People have shown concern with his delivery, but his arm angle looks like it can be deceptive, and it creates a sidearm-type break to his stuff.  His fastball is sitting around 91 mph, and his curveball has nearly a 20 mph difference.  This afternoon, out of the 95 pitches he threw, 61 of them went for strikes, giving us a 64.2% strike rate.  This is deceptive, because while it stands to reason this shows he had great control, he was lacking great command.  The homeruns he gave up to Asdrubal Cabrera and Carlos Santana covered too much of the plate, and he paid the price.  On the positive side of this, out of the 37 swings Cleveland took against him, nine of them whiffed, giving us a 24.3% swinging strike rate.  Again, this also could be deceptive, but out of his eight strikeouts, five of them were swinging strikeouts.  More than half!  Of what I could catch on the TV by the time I made it home, he made Kosuke Fukudome look silly whiffing on a good curveball.  I’m not sure if this was a step in the right direction, but it was a step.  See?  Interesting.

The Mariners third was probably the most exciting third inning of this season.  Nine runs!  If you square root that, you get three again, so there’s some crazy stuff right there for you! Numbers, pfft.  Firstly, Mike Carp, everybody.  Carp came to the plate twice in that inning.  In his first appearance, he doubled in Luis Rodriguez.  In his next at-bat (which means the Mariners batted around, what?!), he belted his first career gland slam on an inside slider:

I don’t think Carp’s power is in question anymore.  His slash line is .273/.332/.458, and although his average has been dropping, when he does make contact, he has been stinging the ball.  Much like Dustin Ackley‘s toolbox, luck isn’t found in Carp’s either.

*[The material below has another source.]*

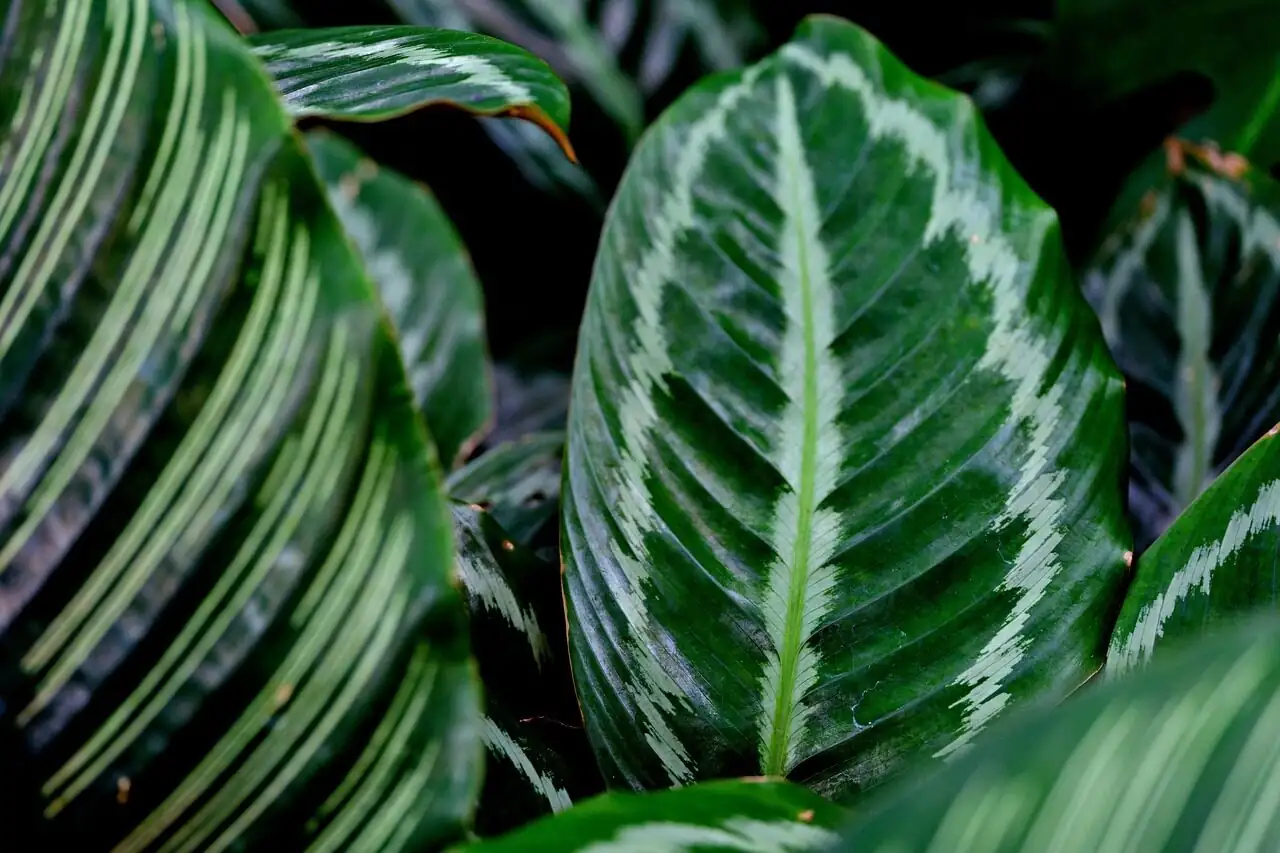 When Calatheas Changed Their Stripes: How Goeppertia insignis Got Its New Name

The next cool storyline we can find is that Alex Liddi finally flashed some power, belted his first homerun of his major league career.  It was a long, slow swing, but it displays what kind of power he has.  It was on a 78 mph curveball that was a bit inside but still caught enough of the plate for him to mash it.  Interestingly enough, the previous three pitches thrown to him were 90 mph fastballs, one of which he swung through.  There’s no way to know if he read the ball well enough out of David Huff‘s hands to belt that curveball, or if his swing was sped up because of the pitch sequence.  Either way, he did well, and if he continues to do well, he’s force the Mariners hand into giving him more playing time.  Oh, Italians.  Always so forceful.

  • This was a makeup game.  This game was to “make up” a game that couldn’t have been played.  Today, there was a rain delay heading into the eighth inning.  Detroit has clinched their division.  Cleveland is 11 games behind the wild card.  The Mariners are eliminated from anything meaningful in baseball.  Why was there a 43 minute rain delay?  Oh, authorities.  Always trying to get the last word.
  • Right before the rain delay, Root Sports showed a husband and wife, holding up signs to receive rally fries.  The sign cataloged his travels, his “ultimate roadtrip”.  This consisted of: Mariners @ Cleveland, Seahawks @ Pittsburgh…I don’t want to continue, because this is already depressing me.
  • Miguel Olivo batted cleanup again.  I don’t know if I can trust the people in charge of this franchise if this keeps happening.

The Mariners start their last road trip of the year tomorrow.  For real, this time.  Not this, random-makeup-game-in-the-middle-of-the-week nonsense.  And it’s two teams that are completely relevant in baseball!  Oh wait.